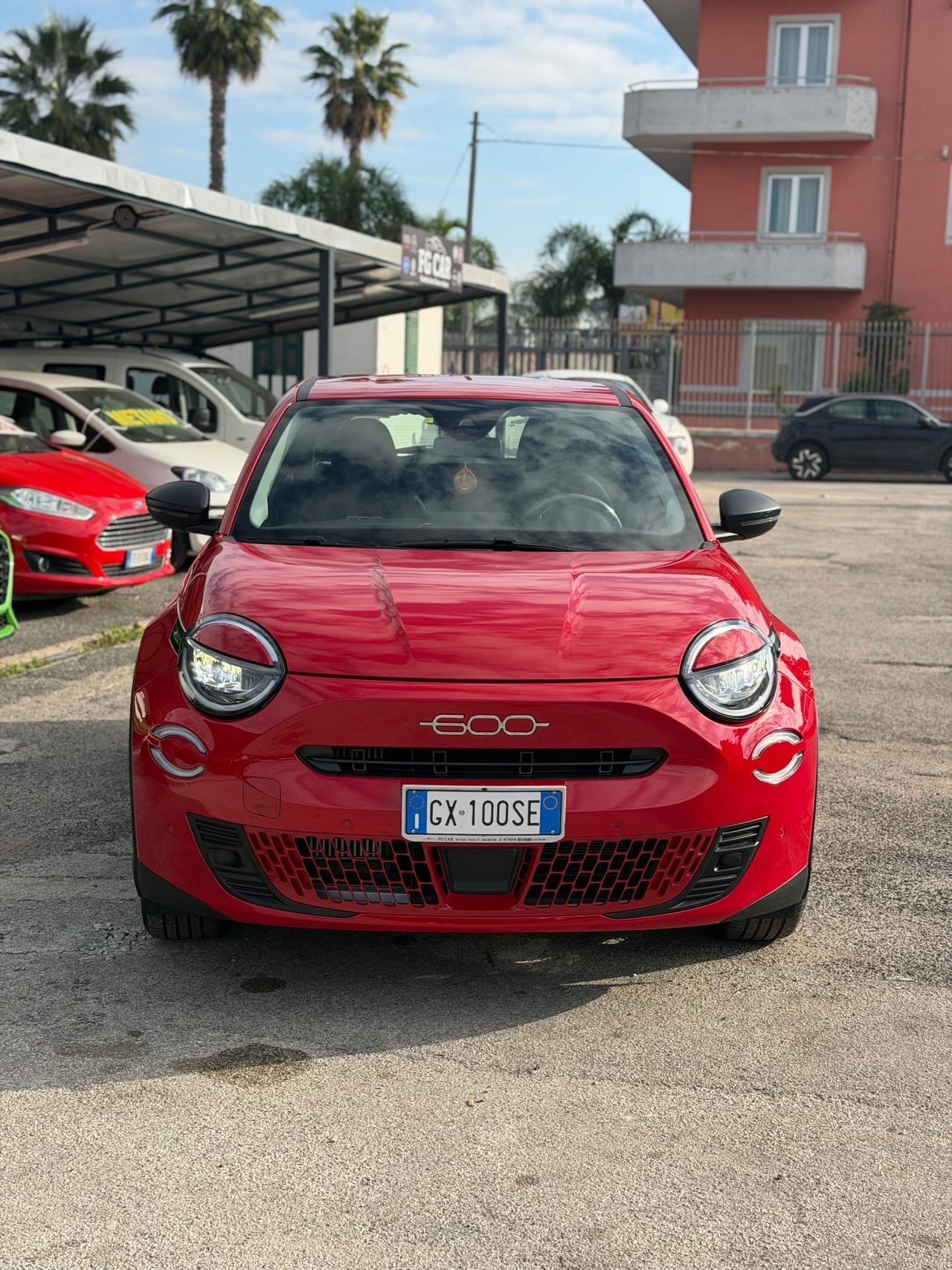 Fiat 600 Hybrid 100 CV DCT MHEV La Prima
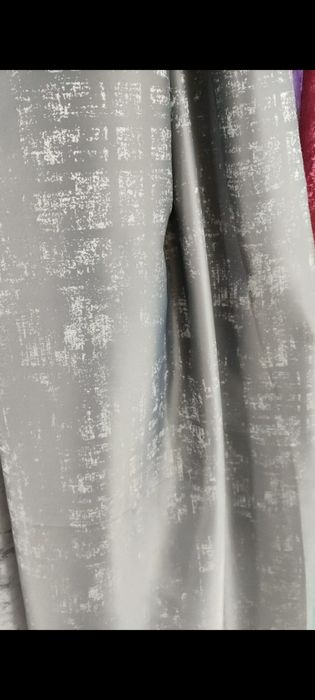 Продам шторы новые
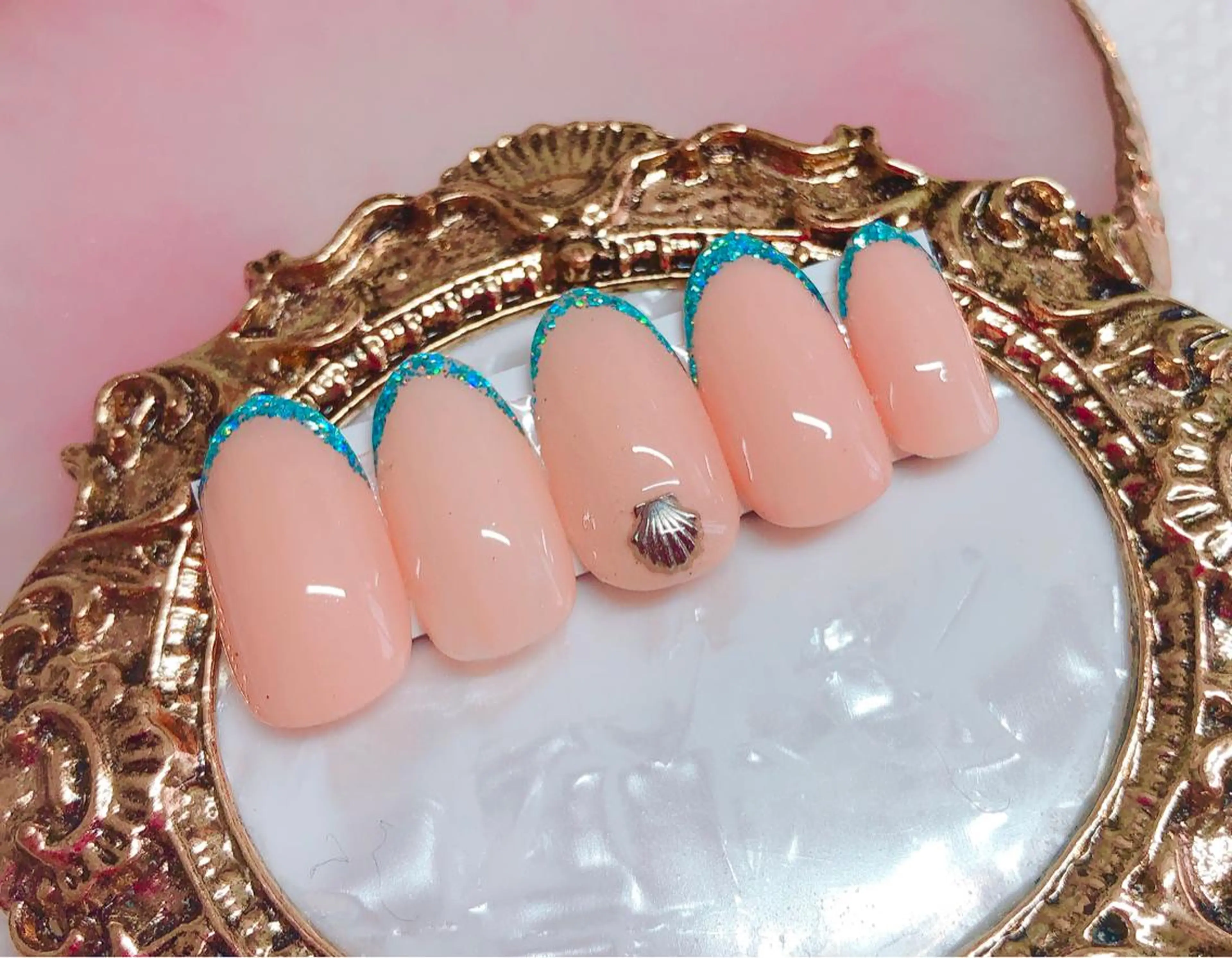 ネイル シンプルネイル CROWN プライベートサロンのネイルデザイン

## Exercise details
All lines above must be repeated exactly, and the pictures must be omitted.

## Worked solution
 Fiat 600 Hybrid 100 CV DCT MHEV La Prima
 Продам шторы новые
 ネイル シンプルネイル CROWN プライベートサロンのネイルデザイン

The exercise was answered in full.